→ **DATASET**
- - - -

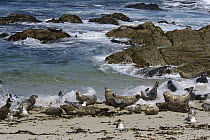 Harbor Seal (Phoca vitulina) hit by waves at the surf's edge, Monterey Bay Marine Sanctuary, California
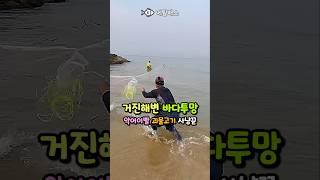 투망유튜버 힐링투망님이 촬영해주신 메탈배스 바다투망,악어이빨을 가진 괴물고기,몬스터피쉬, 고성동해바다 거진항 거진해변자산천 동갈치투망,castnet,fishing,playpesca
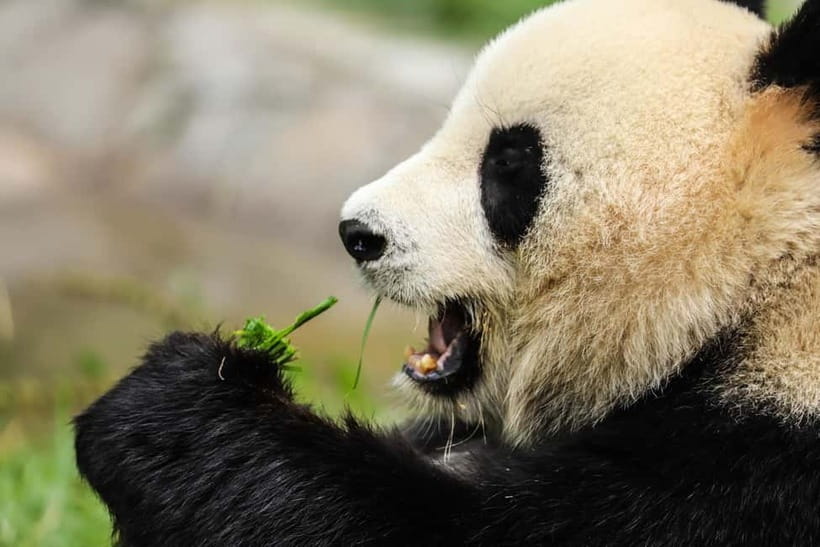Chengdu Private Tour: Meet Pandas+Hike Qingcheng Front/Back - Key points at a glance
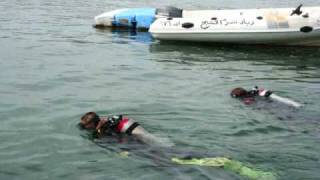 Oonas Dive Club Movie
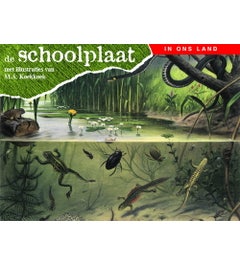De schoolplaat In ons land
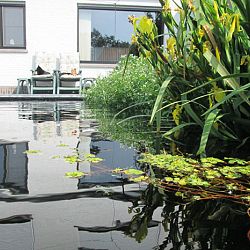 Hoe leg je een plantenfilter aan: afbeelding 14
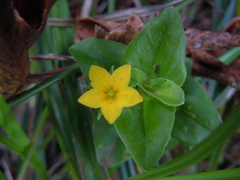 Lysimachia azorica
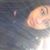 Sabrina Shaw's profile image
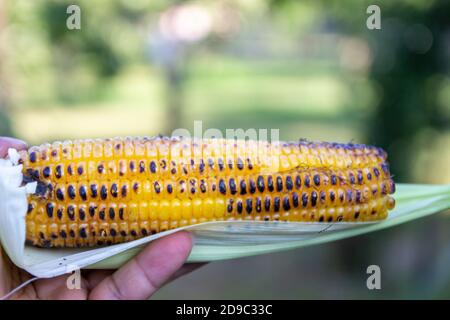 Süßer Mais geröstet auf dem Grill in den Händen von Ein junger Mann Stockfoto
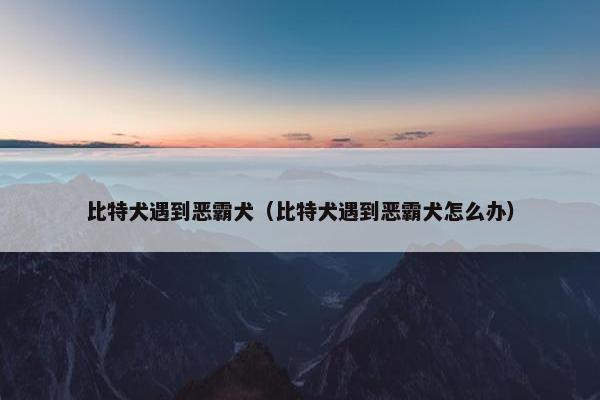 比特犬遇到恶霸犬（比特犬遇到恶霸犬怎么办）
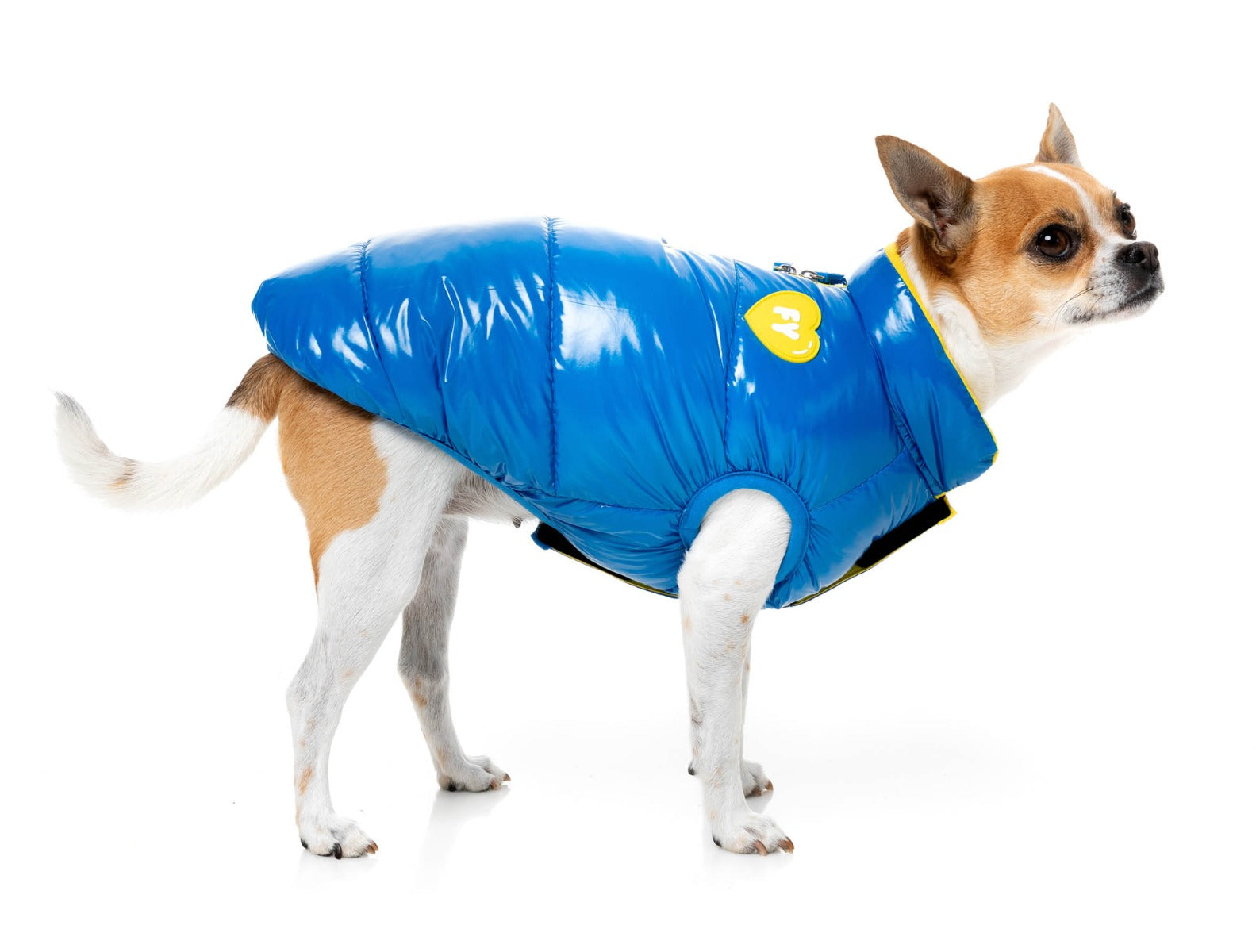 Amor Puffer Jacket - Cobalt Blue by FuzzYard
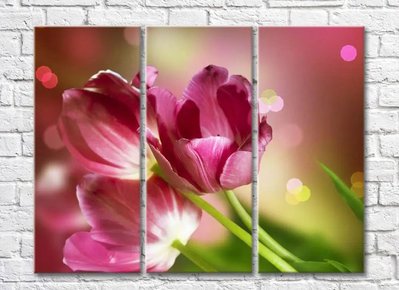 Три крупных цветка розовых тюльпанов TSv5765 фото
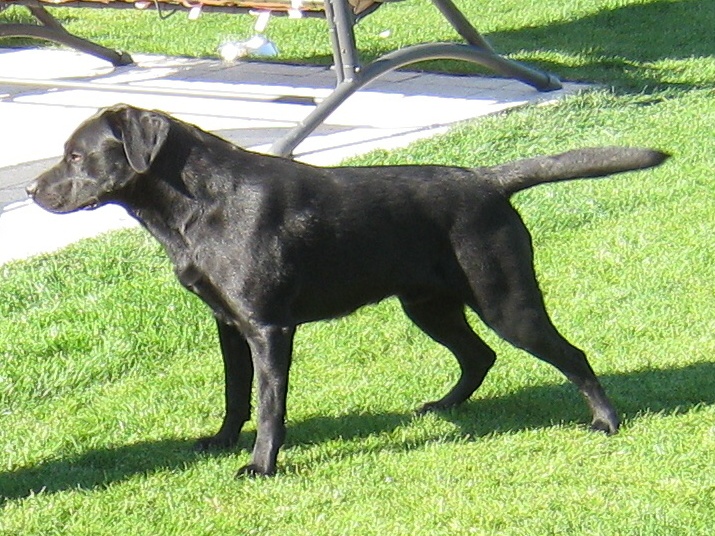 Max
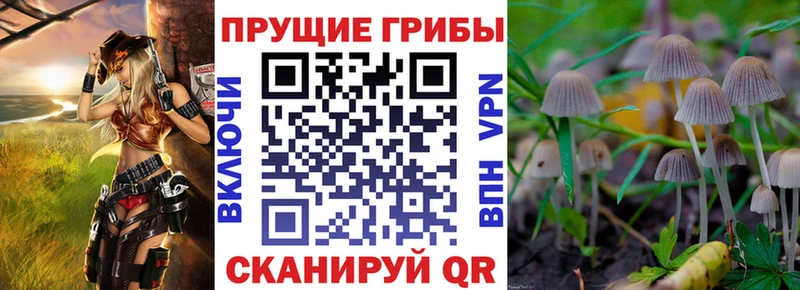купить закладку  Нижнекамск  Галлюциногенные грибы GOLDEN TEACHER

- - - -

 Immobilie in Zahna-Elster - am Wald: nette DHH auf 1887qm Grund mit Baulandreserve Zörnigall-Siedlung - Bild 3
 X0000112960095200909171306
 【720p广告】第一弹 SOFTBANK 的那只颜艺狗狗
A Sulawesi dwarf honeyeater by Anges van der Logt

- - - -

→ **THE TASK**
Of the lines above, copy only those from the one holding "Harbor Seal (Phoca" to the one holding "грибы GOLDEN TEACHER", both included, and exclude every image.

→ **SOLUTION TO THIS TASK**
 Harbor Seal (Phoca vitulina) hit by waves at the surf's edge, Monterey Bay Marine Sanctuary, California
 투망유튜버 힐링투망님이 촬영해주신 메탈배스 바다투망,악어이빨을 가진 괴물고기,몬스터피쉬, 고성동해바다 거진항 거진해변자산천 동갈치투망,castnet,fishing,playpesca
Chengdu Private Tour: Meet Pandas+Hike Qingcheng Front/Back - Key points at a glance
 Oonas Dive Club Movie
De schoolplaat In ons land
 Hoe leg je een plantenfilter aan: afbeelding 14
 Lysimachia azorica
 Sabrina Shaw's profile image
 Süßer Mais geröstet auf dem Grill in den Händen von Ein junger Mann Stockfoto
 比特犬遇到恶霸犬（比特犬遇到恶霸犬怎么办）
 Amor Puffer Jacket - Cobalt Blue by FuzzYard
 Три крупных цветка розовых тюльпанов TSv5765 фото
 Max
купить закладку  Нижнекамск  Галлюциногенные грибы GOLDEN TEACHER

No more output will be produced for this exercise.